For the past three seasons, wide receiver Jarvis Landry has been at the top of the list in receptions and in yardage for the Miami Dolphins, and all on a deal that pays him almost nothing. Now, with one year remaining on his incredibly cheap rookie contract, which is only for four years and $3.5 million dollars, Landry took to social media and left some very telling captions on his posts.
Under normal circumstances, there wouldn't be much reason to take a player's posts on social media that seriously, but when Landry makes references to his money, especially when he's projected to be paid like a top ten wide receiver when his contract inevitably runs out.
This puts the Dolphins in a very uncomfortable situation, as a lot of money is about to be handed out to players whose contracts are expiring, such as defensive end Andre Branch, linebacker Kiko Alonso, tight end Dion Sims and fellow wide receiver Kenny Stills.
But what sets Landry apart from everyone else is that he is one of the true faces of the franchise and his intensity on the field makes him more than just another excellent wide receiver.
He's also a leader in the locker room, and the team feeds off his energy, which is why he was originally given the nickname of "Juice."
2016 was Landry's second consecutive 1,000 yards receiving season, and this will also be his second straight Pro Bowl season. Knowing all of that, there's no doubt that the rest of the team will be looking at what the Dolphins front office does about Landry's contract situation, because if they stiff him now, especially after the comments made by Executive Vice President of Football Operations Mike Tannenbaum, there will be a lot of players who will try to play hard ball when the time comes.
See Reshad Jones, who already held out portions of last offseason in protest of not having enough guaranteed money on his deal and wanted an extension.
"To have sustainability, we want to take care our own. We want to care of our locker room," Tannenbaum said last week. "Adam [Gase] always likes to roll his eyes, but I always say, 'Our plan is firmly etched in pencil.' Because things are going to change. We're going to acquire players. There are going to be unexpected opportunities. ... What does the draft look like? What does free agency look like? But with that said, we're going to try to lean heavily towards keeping our own and building our program here."

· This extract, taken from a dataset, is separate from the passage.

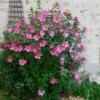 Aphrodite Rose Of Sharon Althea Shrub -Garden Plant Store Aphrodite Rose of Sharon 600x600 557a84dc aec1 46e4 b6c9 ac3b30a0d8c7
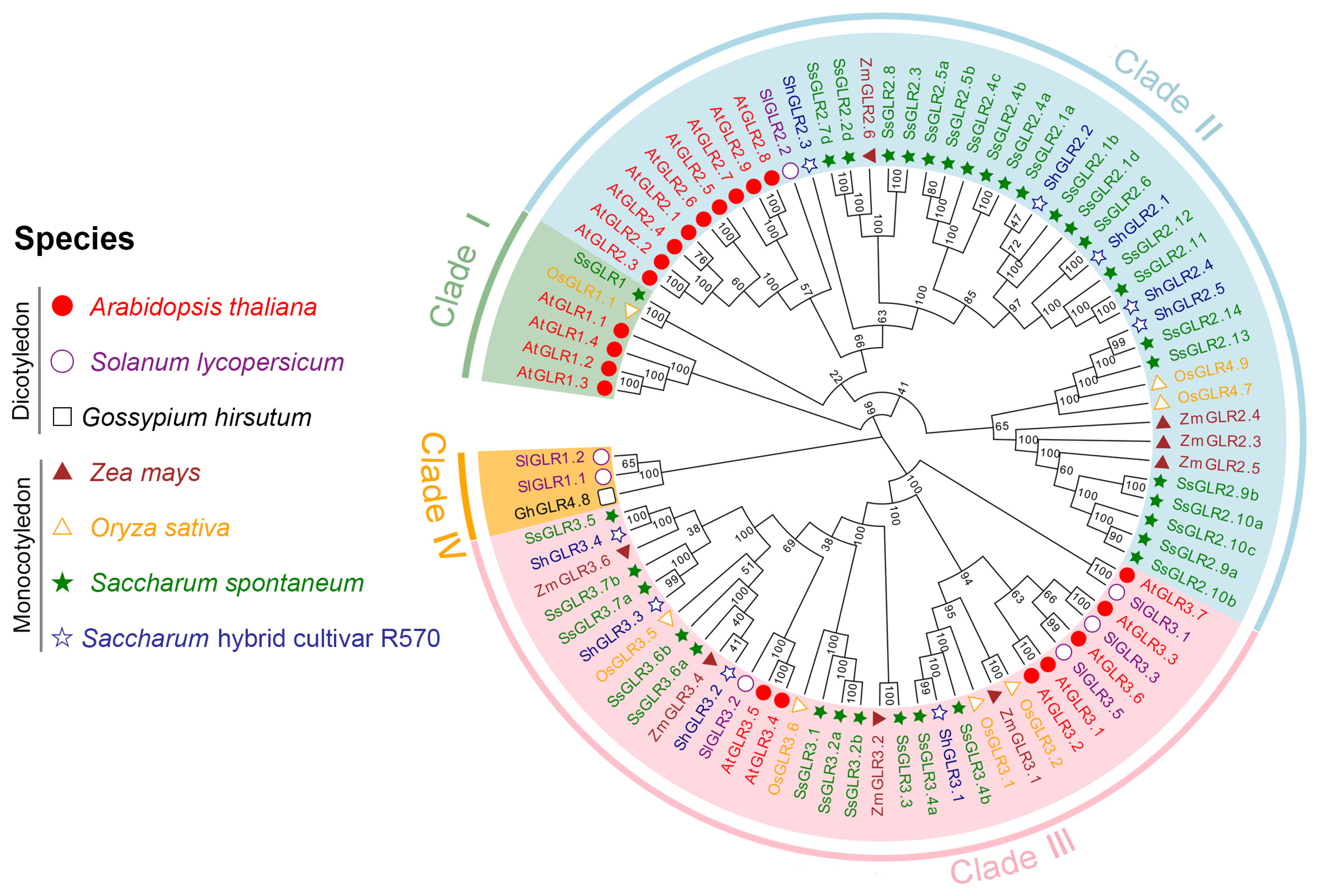 Plants 11 02440 g001 Plants 11 02440 g001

It's going to be difficult to not break the bank for Landry, who despite his determination, is still primarily a slot receiver and doesn't fit the mold of the more elite receivers in the league like Julio Jones, Dez Bryant and A.J. Green. He doesn't require double coverage and he isn't a top scorer in the league, only getting 13 touchdowns in his three seasons with the Dolphins.
A "move the sticks" receiver simply doesn't count for upwards of $14 million annually, no matter how well he can create plays when he has the ball in his hands.
Seattle's Doug Baldwin, another top slot receiver in the league, recently signed a 4-year, $46 million dollar deal that pays him $24,250,000 in guaranteed money, and that could be the aspect of the contract Miami can use to get Landry to take a slight discount in annual pay.
In the NFL, the overall figures of the deal don't mean nearly as much as the guaranteed money, which is the true value of any contract since that's what a team has to pay an athlete no matter what happens. Guaranteed money is what Miami can use to try and potentially lower the cap hits, as guaranteed money only means that Miami will have to pay him, not pay extra.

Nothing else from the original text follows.